Maintaining a single large UTXO, slicing a little bit off every time you make a payment, and returning change in another single large UTXO... just isn't viable from a financial privacy point of view anyway.

[Syke]

Bitcoin is fantastic for a whole lot of things, but Point-of-Sale doesn't seem to be one of them.

There are ways to improve PoS, but the PoS has to be smarter than simply accepting any zero-confirm transaction. It needs to analyze the network and the transaction: how well it is connected to peers, if it sees any malling/double-spending of the current transaction, if a fee was included, if there is a chain of unconfirmed inputs, etc.

[justusranvier]

There are ways to improve PoS, but the PoS has to be smarter than simply accepting any zero-confirm transaction. It needs to analyze the network and the transaction: how well it is connected to peers, if it sees any malling/double-spending of the current transaction, if a fee was included, if there is a chain of unconfirmed inputs, etc.

Sounds like a job for a payment processor.

[tvbcof]

I'm not very technical, maybe this isn't the right thread to ask but the attack that is happening this week.

A “massive and concerted attack” has been launched by a bot system on numerous bitcoin exchanges

Could somebody tell me whether the person/group doing it need a lot of Bitcoins to pull it off or just computing power?

No bitcoin balances are required. Powerful computer not required either, but lots of attack machines with good internet connections would make it more effective. Locating those machines physically closeby to the servers for Mt Gox, Bitstamp, Coinbase, BTC-e and other targeted sites would also make it more effective.

And you do need to use a copy of the bitcoin software, to send the mutated transactions out with. To make the spamming more effective, the attacker might modify the source code of the bitcoin software so that the original transaction with the original id number isn't sent to the rest of the network. Almost certainly, that was done in the case of this attack.

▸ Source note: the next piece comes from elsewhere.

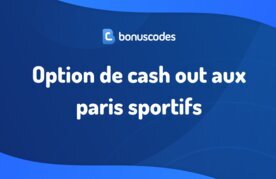 Option de cash out aux paris sportifs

It may not be the case that 'logs of attack machines' were needed, nor that the the software was especially based on the Bitcoin reference code.  This incident brings back and old memory:

"Impact of my DDoS tool is very small, as long as only a few people are running my DDoS tool." You see the problem here...

If I wanted to make DDoS tool, I'd make one. I did not ask people to run it, people asked for code. If bitcoin network can be brought down by couple weak PCs, then something needs to be done to "standard client". There I see the problem.

That thread, and a sister thread where the guy used the code to map out and analyze the entire Bitcoin network are interesting and worth the read whether or not they are related to this attack.  I expect that we'll see many copy-cat attacks along the lines of the one under discussion here going forward.  I'm deeply surprised that it took this long to be honest.

[tx42]

Until transaction ids are immutable, allowing users to spend unconfirmed change outputs is just going to cause chaos.

I should read the code, but I would assume that the transaction ID is a 256 bit hash of the transaction details. If so, then it should take quite a birthday attack to create a valid alternate transaction ID. If the ID isn't a hash of the transaction details, then where is the hole in this idea, because it seems readily obvious.